- Date posted
- 1y
Is this common?
I’ve had the same themes of ocd on and off for years. I have a new theme i’ve never had before now. Has that happened to anyone else?
I’ve had the same themes of ocd on and off for years. I have a new theme i’ve never had before now. Has that happened to anyone else?
One thing I’ve learned is OCD isn’t truly about the theme. It’s about uncertainty and can attach to anything that is important to us or that we feel responsibility towards.
As the person above said, OCD is not defined by the theme. It can be ANYTHING. And I mean that. In your ocd journey, you'll find yourself fearing things you've not even necessarily read other having before. OCD is not defined by the theme, it is defined by the behavior that the theme causes. For me, I've had so many different themes/worries pop up I can't even keep track. Sometimes multiple in a day. Right now I have about 5 or more "themes" that keep weaving in and out or even happening simultaneously. It's a very ruthless disorder. But I think the more you and all of us embrace ERP and what we need to do, we will manage! In fact I know that! ERP has helped me many times and in general is why I'm able to still function despite being a wreck on the inside sometimes. And I'm far from perfect...I still give into compulsions despite me knowing better. But as you probably already know, compulsions do nothing to help in the long run. Often times it makes it worse...not only by reinforcing the fear, but also sometimes broadening them or creating new ones. Example being reading someone else's story, either out of a need to compulse or just curiosity, and then snowballing. You may take on their fear despite it not being yours, or it may add gas to the fire if you are experiencing a similar theme. Just stay strong and do the work! I'm sure you're no stranger to it. I believe in you and all of us!

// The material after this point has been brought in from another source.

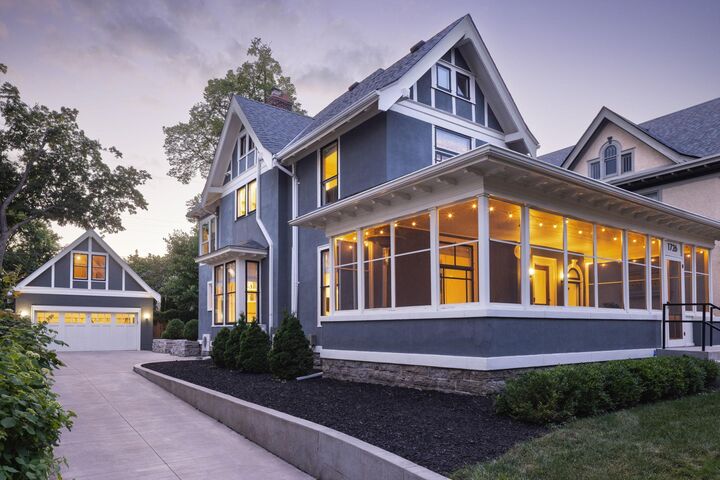 Property Photo: 1726 Irving Avenue S MN 55403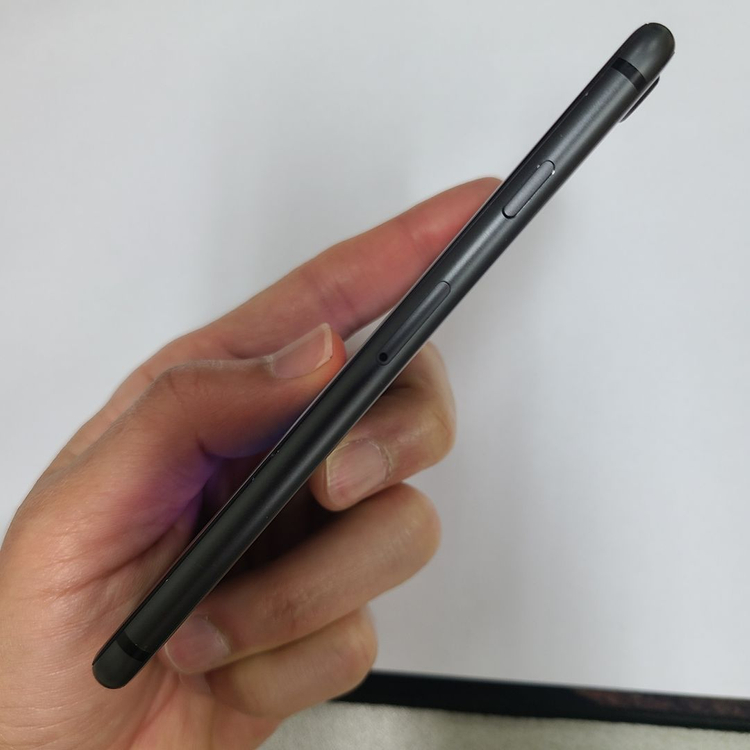 아이폰 8 블랙 64G A급 인스타 버전14.7.1 128165 이미지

this has completely happened to me trust me. when my ocd first started at 13 it was more aimed towards fear of loosing things so i was a hoarder to an extreme ocd level. today my ocd centers around losing people. basically i’m scared of never seeing people again which makes relationships really hard in the breakup. a lot of times you might think your ocd has switched themes but really you still have the same core beliefs and like i do in losing people or things and it takes a second to realize how it’s all connected.
Anyone else develop it in their 30s? I’m 33 and just started showing symptoms in October 2024. So far have only been diagnosed with GAD , PD and depression.I started having intrusive thoughts after a series of panic attacks . My compulsions would be googling. I have made an effort to stop though because it only makes me feel worse. My intrusive thoughts have been around fear of going crazy
My last and almost life long theme/sub-theme largely subsided recently and my ocd felt like it wasn’t even an issue. Then I went on winter break from uni and being alone made my mind come up with a whole new topic to obsess over. TLDR on my fears, my advisor wouldn’t email me back for a while about signing up for classes so my mind started to worry “what if he doesn’t in time and you can’t enroll this semester and you lose this whole life you just built and all these new friends” So when that issue was resolved my mind found other scarier ways I could be uprooted from my current life and friends that I’ve grown so attached to. Then my mind remembered back when I was struggling with false memories and scrupulosity and I essentially made a post on a forum 2 and a half years ago saying I did something or was convinced I did something that I never actually did. Now I’ve been spiraling about someone finding it reporting me and I either get seen as a horrible person or arrested or something over something I never actually did but “admitted” to out of fear of going to hell. My mind won’t let it go and keeps finding new reasons for it to be “valid” “logical” or even inevitable. I feel like it’s just hanging over my head and I can never rest easy. Especially when I try to focus on my daily tasks or plan for the future I get this horrible flair up of “why plan for the future when this could come back in that future and you get uprooted from all of it” my mind won’t rest without certainty being uprooted won’t happen but certainty doesn’t exist, at least not with ocd. This sucks and I miss being care free.
I posted about this the other day and a therapist responded that if it has the usual ocd tells, then it’s most likely ocd. I’m just wondering if anyone else has experienced this. They say even if it’s new for you chances are others have had the same or similar ocd experience. So, this is new for me and just like when I get an intrusive thought i’ve recently been getting what I call intrusive emotions. I will feel something like sad or jealous in a situation when in reality I don’t feel that way at all. For example, my ocd targets certain family members and if one of them is watching tv and thinks a woman is pretty i’ll suddenly feel sad or jealous when I don’t actually care or feel that way because that’s my family member and I don’t think about or feel for them in any inappropriate way. Also, sometimes when I have a harm intrusive thought my ocd will say that I want something horrible to happen to my family member and I will feel like I actually want it but that’s not what I want or how I feel at all. Is there anyone who has had this or something similar happen?